Based on your comment above, I'm going to reinterpret the question -- rather than making a regex that will match them, we'll create a function that will match them, and apply that function to filter a list of domain names to only include first class domains, e.g. google.com, amazon.co.uk.
First, we'll need a list of TLDs. As Greg mentioned, the public suffix list is a great place to start. Let's assume you've parsed the list into a python array called suffixes
. If this isn't something your comfortable with, comment and I can add some code that will do it.
suffixes = parse_suffix_list("suffix_list.txt")

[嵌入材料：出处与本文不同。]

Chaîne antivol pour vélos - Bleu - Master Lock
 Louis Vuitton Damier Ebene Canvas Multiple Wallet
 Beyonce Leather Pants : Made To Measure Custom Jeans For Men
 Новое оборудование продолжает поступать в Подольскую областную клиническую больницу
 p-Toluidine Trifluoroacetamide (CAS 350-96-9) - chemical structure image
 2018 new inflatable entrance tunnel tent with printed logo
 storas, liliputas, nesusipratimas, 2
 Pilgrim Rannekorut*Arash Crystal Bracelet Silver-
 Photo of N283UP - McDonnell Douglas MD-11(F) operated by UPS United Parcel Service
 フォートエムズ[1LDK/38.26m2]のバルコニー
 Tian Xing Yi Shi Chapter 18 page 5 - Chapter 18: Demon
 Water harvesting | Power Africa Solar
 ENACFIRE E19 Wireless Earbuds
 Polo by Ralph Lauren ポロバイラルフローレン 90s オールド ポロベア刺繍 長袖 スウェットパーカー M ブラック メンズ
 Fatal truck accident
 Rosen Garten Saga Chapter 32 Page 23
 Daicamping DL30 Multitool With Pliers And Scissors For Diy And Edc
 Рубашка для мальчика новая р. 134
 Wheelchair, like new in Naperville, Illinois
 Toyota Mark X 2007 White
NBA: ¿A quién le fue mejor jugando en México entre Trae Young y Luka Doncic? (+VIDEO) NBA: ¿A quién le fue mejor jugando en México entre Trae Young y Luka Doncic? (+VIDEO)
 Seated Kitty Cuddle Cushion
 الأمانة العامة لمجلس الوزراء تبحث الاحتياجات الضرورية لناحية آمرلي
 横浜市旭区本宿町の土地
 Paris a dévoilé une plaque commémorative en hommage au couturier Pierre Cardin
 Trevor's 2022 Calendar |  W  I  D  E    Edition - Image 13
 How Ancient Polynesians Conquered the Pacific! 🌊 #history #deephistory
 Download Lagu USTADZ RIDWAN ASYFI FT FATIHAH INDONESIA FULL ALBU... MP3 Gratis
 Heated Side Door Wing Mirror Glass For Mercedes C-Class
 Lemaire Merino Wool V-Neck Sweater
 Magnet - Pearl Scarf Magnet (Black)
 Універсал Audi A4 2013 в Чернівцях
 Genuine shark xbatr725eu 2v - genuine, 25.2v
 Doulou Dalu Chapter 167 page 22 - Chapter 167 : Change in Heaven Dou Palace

Now we'll need code that identifies whether a given domain name matches the pattern some-name.suffix:
def is_domain(d):
for suffix in suffixes:
if d.endswith(suffix):
# Get the base domain name without suffix
base_name = d[0:-(suffix.length + 1)]
# If it contains '.', it's a subdomain.
if not base_name.contains('.'):
return true
# If we get here, no matches were found
return false
这篇关于正则表达式匹配Domain.CCTLD的文章就介绍到这了,希望我们推荐的答案对大家有所帮助,也希望大家多多支持IT屋!